-- Data follows --

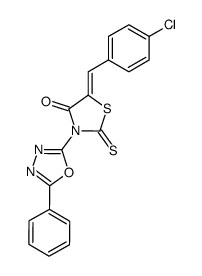 5-(4-chloro-benzylidene)-3-(5-phenyl-[1,3,4]oxadiazol-2-yl)-2-thioxo-thiazolidin-4-one结构式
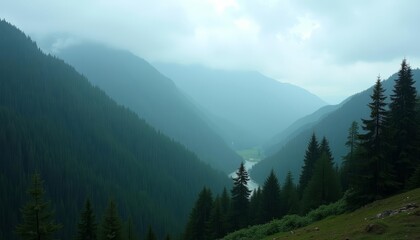 Fototapeta premium Vast mountain valley with river below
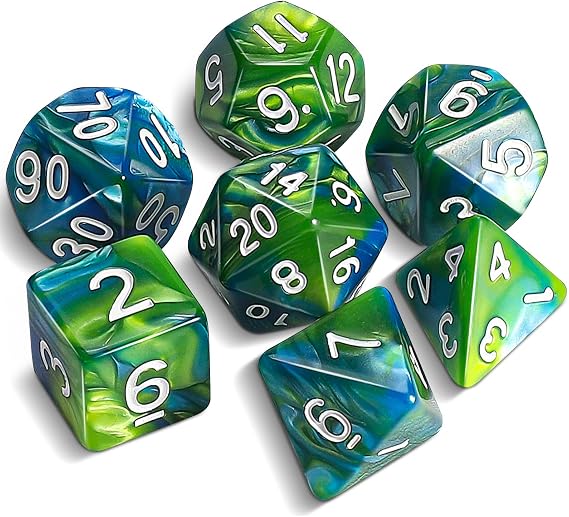 QMAY DND Dice Polyhedral Dice Set - 7 Pieces for Dungeon and Dragons MTG RPG D&D D20, D12, D10, D%, D8, D6, D4 (Blue mixed Green)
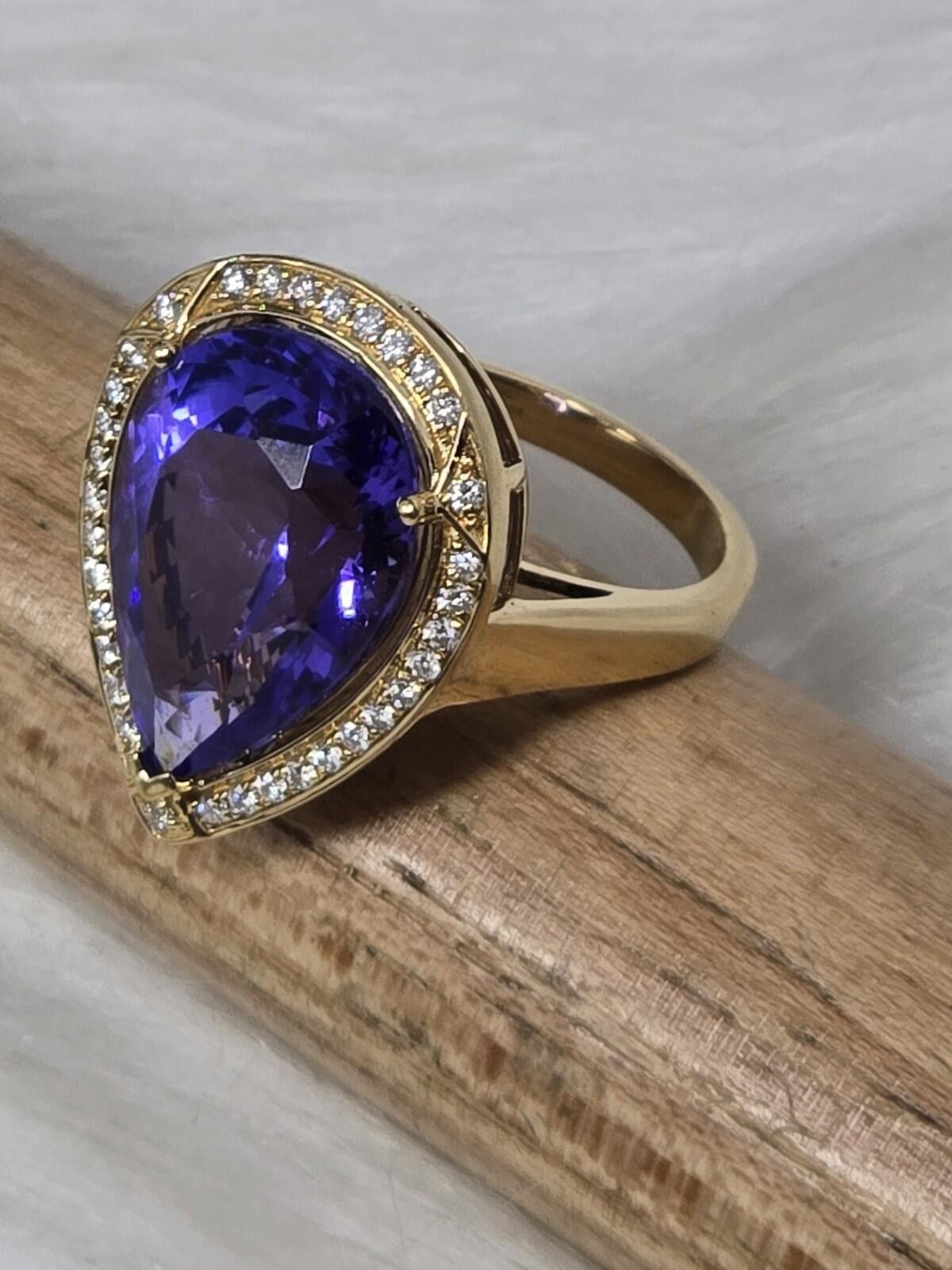 Other 18k Gold 11.36ct Vivid Pear Tanzanite Diamond Halo Ring Size ONE SIZE - 3 Thumbnail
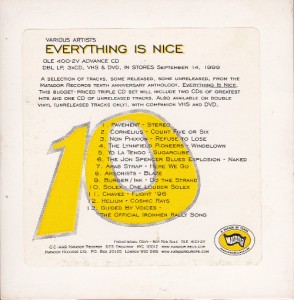 V/A feat. Jon Spencer Blues Explosion - Everything Is Nice [Promo] (CD, US)  - Cover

-- Data concluded --

What is needed is a verbatim copy of every entry, with the pictures omitted.

 5-(4-chloro-benzylidene)-3-(5-phenyl-[1,3,4]oxadiazol-2-yl)-2-thioxo-thiazolidin-4-one结构式
 Fototapeta premium Vast mountain valley with river below
 QMAY DND Dice Polyhedral Dice Set - 7 Pieces for Dungeon and Dragons MTG RPG D&D D20, D12, D10, D%, D8, D6, D4 (Blue mixed Green)
 Other 18k Gold 11.36ct Vivid Pear Tanzanite Diamond Halo Ring Size ONE SIZE - 3 Thumbnail
 V/A feat. Jon Spencer Blues Explosion - Everything Is Nice [Promo] (CD, US)  - Cover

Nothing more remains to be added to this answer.